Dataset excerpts
=== Begin Enclosure ===
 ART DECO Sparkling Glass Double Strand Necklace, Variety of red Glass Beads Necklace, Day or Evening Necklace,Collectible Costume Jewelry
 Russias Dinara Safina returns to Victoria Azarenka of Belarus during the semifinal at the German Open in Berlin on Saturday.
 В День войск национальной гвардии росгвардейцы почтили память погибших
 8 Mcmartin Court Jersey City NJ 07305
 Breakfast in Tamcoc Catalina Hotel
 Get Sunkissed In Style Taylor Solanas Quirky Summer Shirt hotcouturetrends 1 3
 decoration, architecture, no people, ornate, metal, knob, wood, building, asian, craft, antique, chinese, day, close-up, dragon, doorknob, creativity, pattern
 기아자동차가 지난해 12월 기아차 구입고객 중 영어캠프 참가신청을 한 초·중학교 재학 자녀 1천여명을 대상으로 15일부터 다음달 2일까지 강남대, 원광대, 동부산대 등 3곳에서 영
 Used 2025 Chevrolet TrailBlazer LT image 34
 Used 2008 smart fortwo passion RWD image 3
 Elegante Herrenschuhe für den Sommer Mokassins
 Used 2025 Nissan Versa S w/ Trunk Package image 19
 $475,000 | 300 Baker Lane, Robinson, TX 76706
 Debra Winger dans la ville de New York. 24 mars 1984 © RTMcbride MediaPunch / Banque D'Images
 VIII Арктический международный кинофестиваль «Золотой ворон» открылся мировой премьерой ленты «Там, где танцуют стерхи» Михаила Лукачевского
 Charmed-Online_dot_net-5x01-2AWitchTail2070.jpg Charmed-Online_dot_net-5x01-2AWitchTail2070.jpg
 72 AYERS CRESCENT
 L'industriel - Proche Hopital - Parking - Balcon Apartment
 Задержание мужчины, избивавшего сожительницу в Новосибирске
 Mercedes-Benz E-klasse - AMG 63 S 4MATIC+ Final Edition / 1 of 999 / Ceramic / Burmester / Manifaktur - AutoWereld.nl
=== End Enclosure ===
- [Exercise instructions]:
Line by line, copy the entries above exactly as they appear.

- [Result]:
 ART DECO Sparkling Glass Double Strand Necklace, Variety of red Glass Beads Necklace, Day or Evening Necklace,Collectible Costume Jewelry
 Russias Dinara Safina returns to Victoria Azarenka of Belarus during the semifinal at the German Open in Berlin on Saturday.
 В День войск национальной гвардии росгвардейцы почтили память погибших
 8 Mcmartin Court Jersey City NJ 07305
 Breakfast in Tamcoc Catalina Hotel
 Get Sunkissed In Style Taylor Solanas Quirky Summer Shirt hotcouturetrends 1 3
 decoration, architecture, no people, ornate, metal, knob, wood, building, asian, craft, antique, chinese, day, close-up, dragon, doorknob, creativity, pattern
 기아자동차가 지난해 12월 기아차 구입고객 중 영어캠프 참가신청을 한 초·중학교 재학 자녀 1천여명을 대상으로 15일부터 다음달 2일까지 강남대, 원광대, 동부산대 등 3곳에서 영
 Used 2025 Chevrolet TrailBlazer LT image 34
 Used 2008 smart fortwo passion RWD image 3
 Elegante Herrenschuhe für den Sommer Mokassins
 Used 2025 Nissan Versa S w/ Trunk Package image 19
 $475,000 | 300 Baker Lane, Robinson, TX 76706
 Debra Winger dans la ville de New York. 24 mars 1984 © RTMcbride MediaPunch / Banque D'Images
 VIII Арктический международный кинофестиваль «Золотой ворон» открылся мировой премьерой ленты «Там, где танцуют стерхи» Михаила Лукачевского
 Charmed-Online_dot_net-5x01-2AWitchTail2070.jpg Charmed-Online_dot_net-5x01-2AWitchTail2070.jpg
 72 AYERS CRESCENT
 L'industriel - Proche Hopital - Parking - Balcon Apartment
 Задержание мужчины, избивавшего сожительницу в Новосибирске
 Mercedes-Benz E-klasse - AMG 63 S 4MATIC+ Final Edition / 1 of 999 / Ceramic / Burmester / Manifaktur - AutoWereld.nl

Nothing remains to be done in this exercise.